◆ **ASSIGNMENT**
Leave the pictures in the listing below aside and reproduce exactly the lines starting with the one with "Чехол Uprint Motorola Moto C Plus XT1723" and going on through the one with "Футболка Maison Margiela T - изображение 7", both ends included.

◆ **DATA RECORDS**
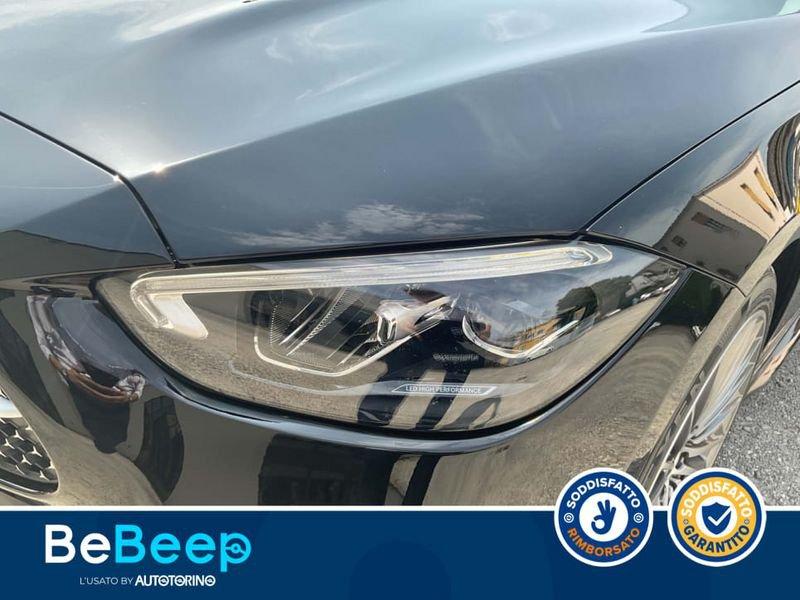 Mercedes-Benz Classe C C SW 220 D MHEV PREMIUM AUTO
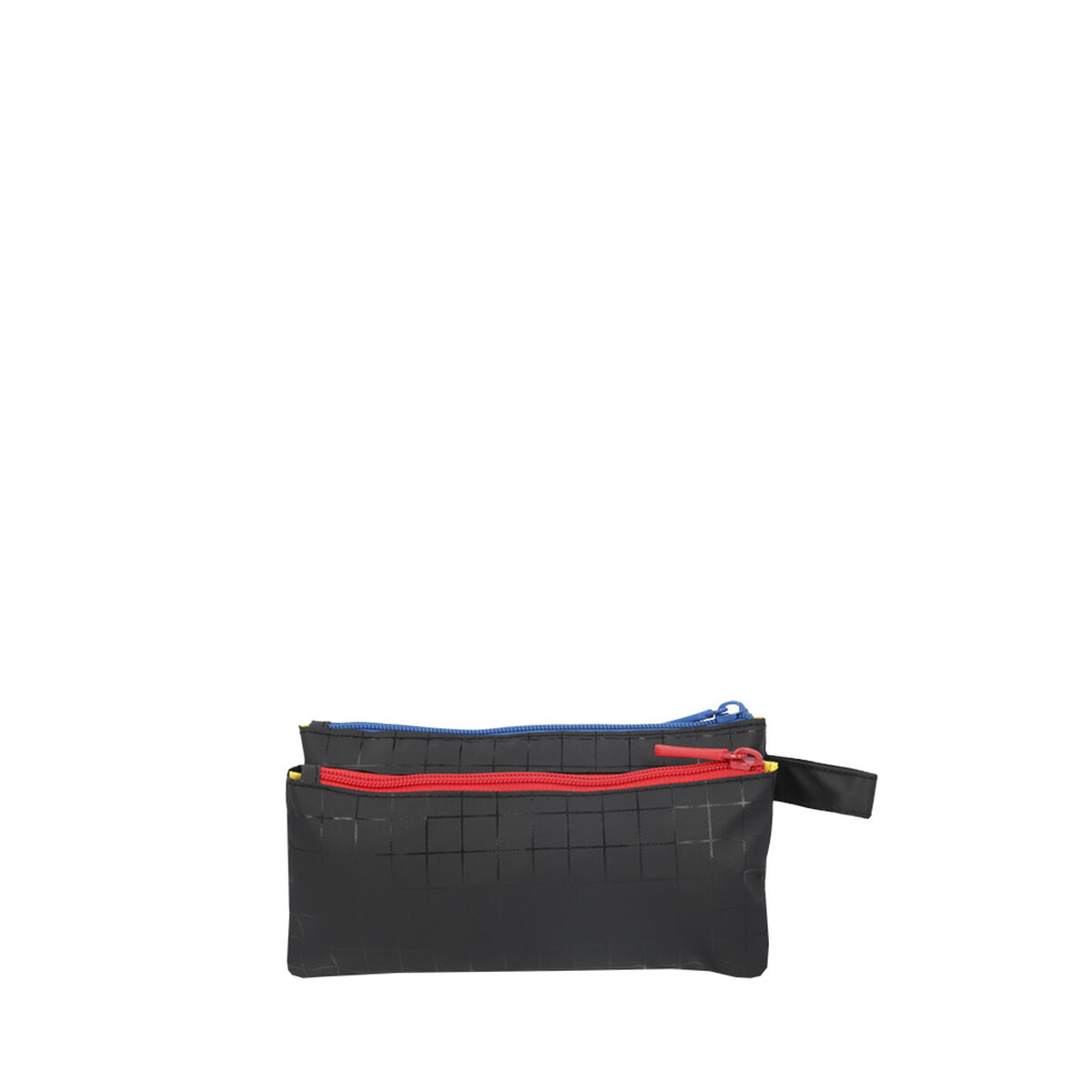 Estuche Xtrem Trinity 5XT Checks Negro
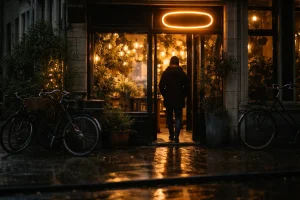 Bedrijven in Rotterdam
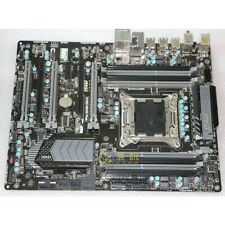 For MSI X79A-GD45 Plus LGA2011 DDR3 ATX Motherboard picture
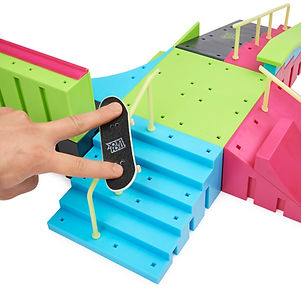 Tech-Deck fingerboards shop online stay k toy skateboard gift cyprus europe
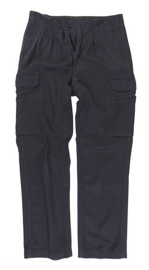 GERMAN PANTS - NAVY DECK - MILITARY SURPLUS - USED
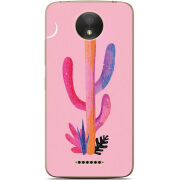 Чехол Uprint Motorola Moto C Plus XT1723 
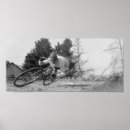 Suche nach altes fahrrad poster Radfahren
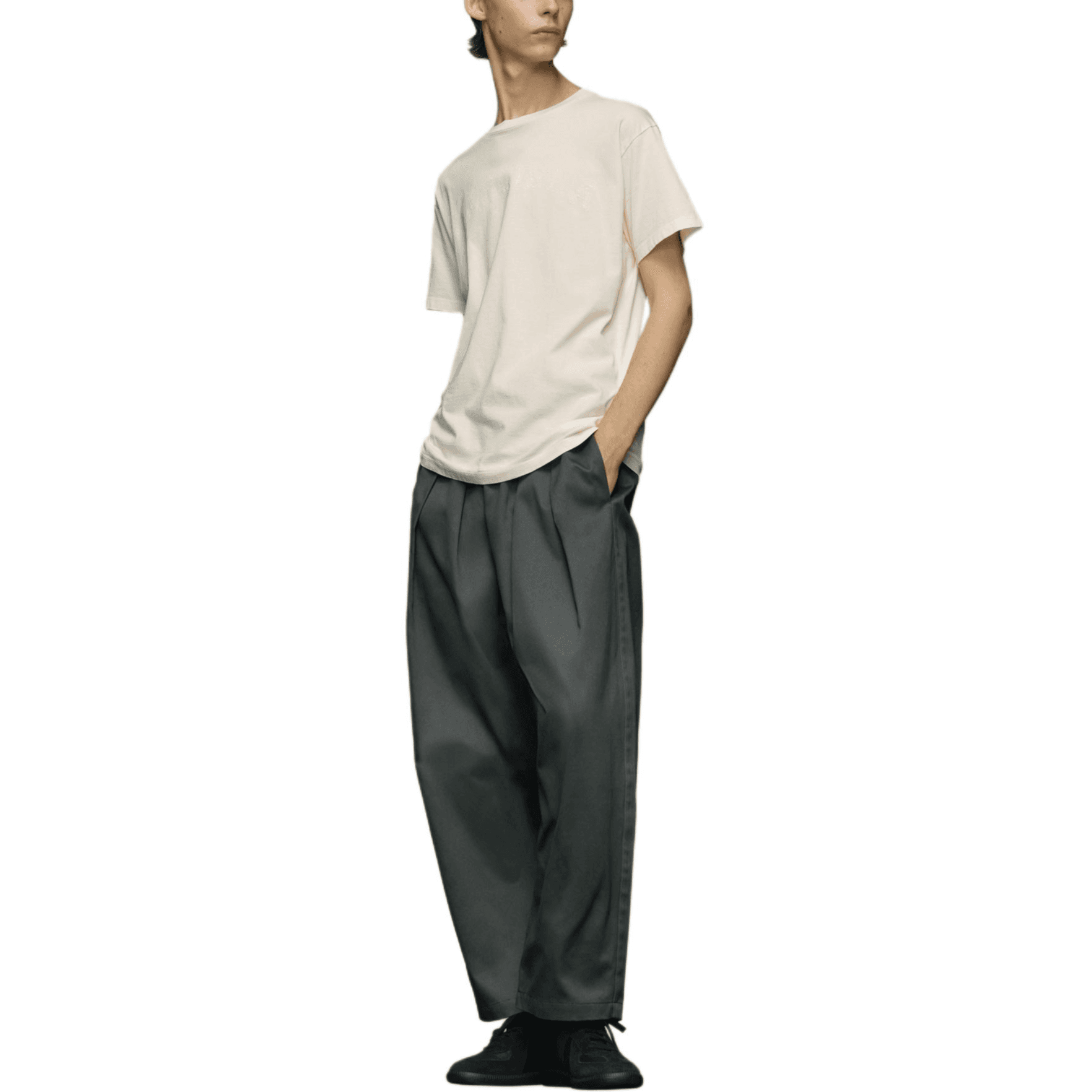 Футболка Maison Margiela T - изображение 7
--
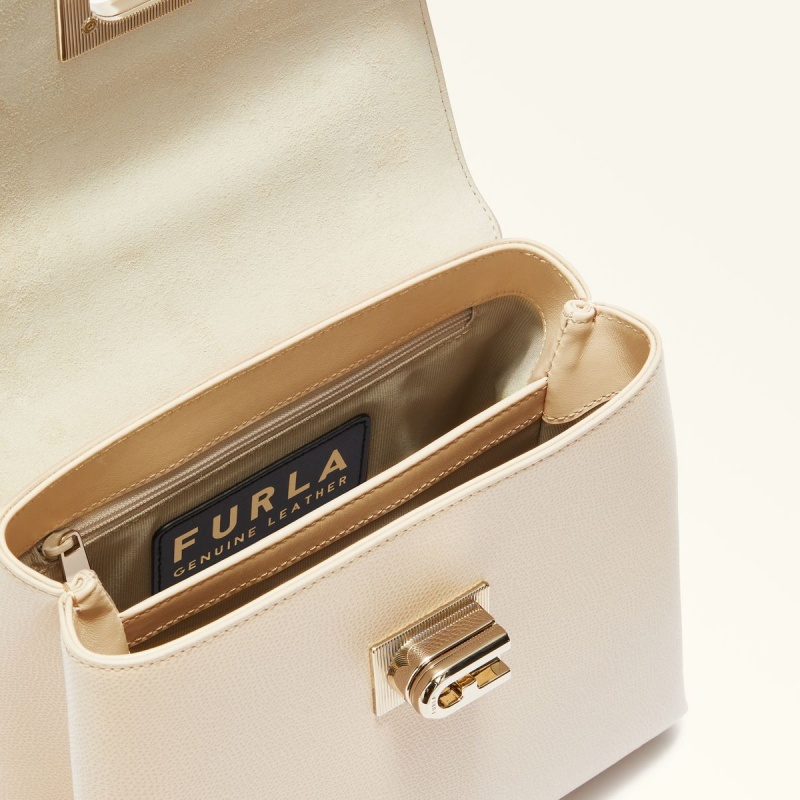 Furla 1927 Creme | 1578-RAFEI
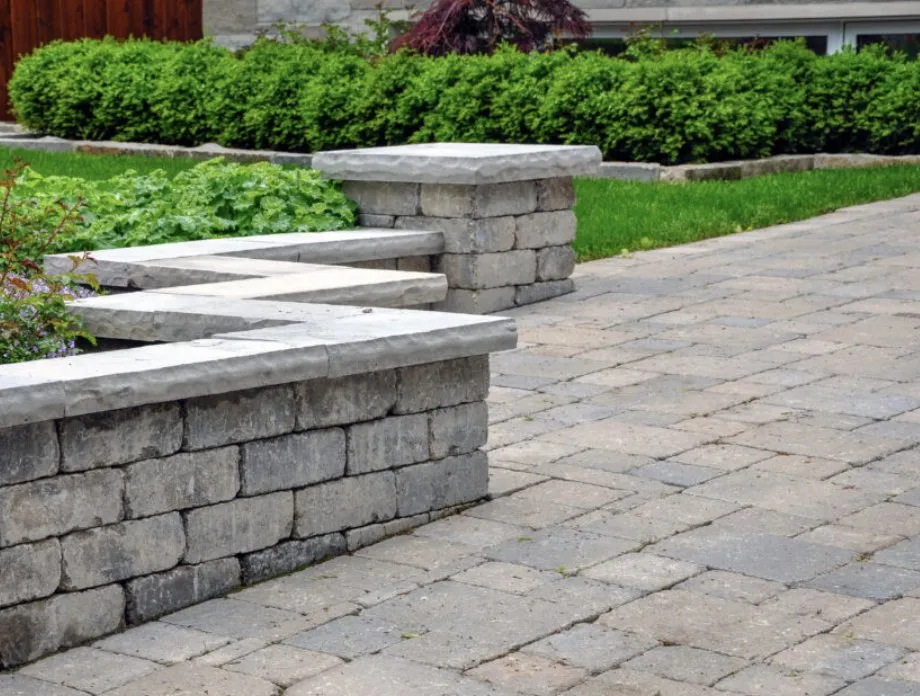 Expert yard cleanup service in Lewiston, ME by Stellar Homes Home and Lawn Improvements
* * *
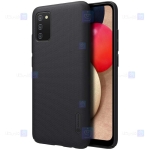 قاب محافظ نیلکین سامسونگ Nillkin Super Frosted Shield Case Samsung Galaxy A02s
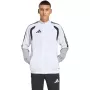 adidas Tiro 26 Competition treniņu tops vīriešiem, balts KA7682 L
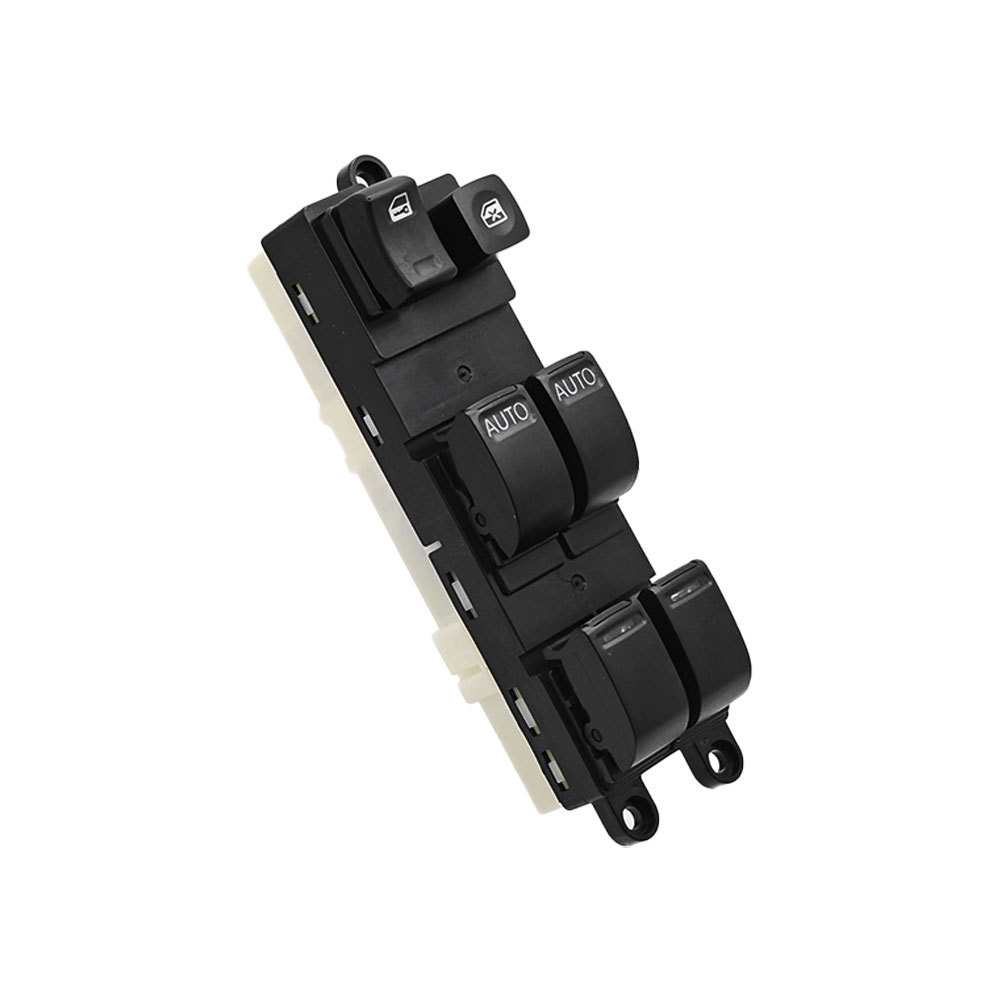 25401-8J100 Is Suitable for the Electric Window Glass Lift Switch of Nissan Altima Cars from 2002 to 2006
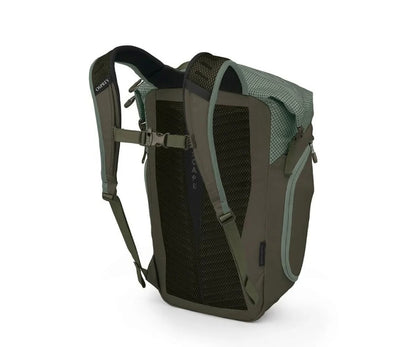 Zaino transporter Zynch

◆ **OUTPUT**
 Чехол Uprint Motorola Moto C Plus XT1723 
 Suche nach altes fahrrad poster Radfahren
 Футболка Maison Margiela T - изображение 7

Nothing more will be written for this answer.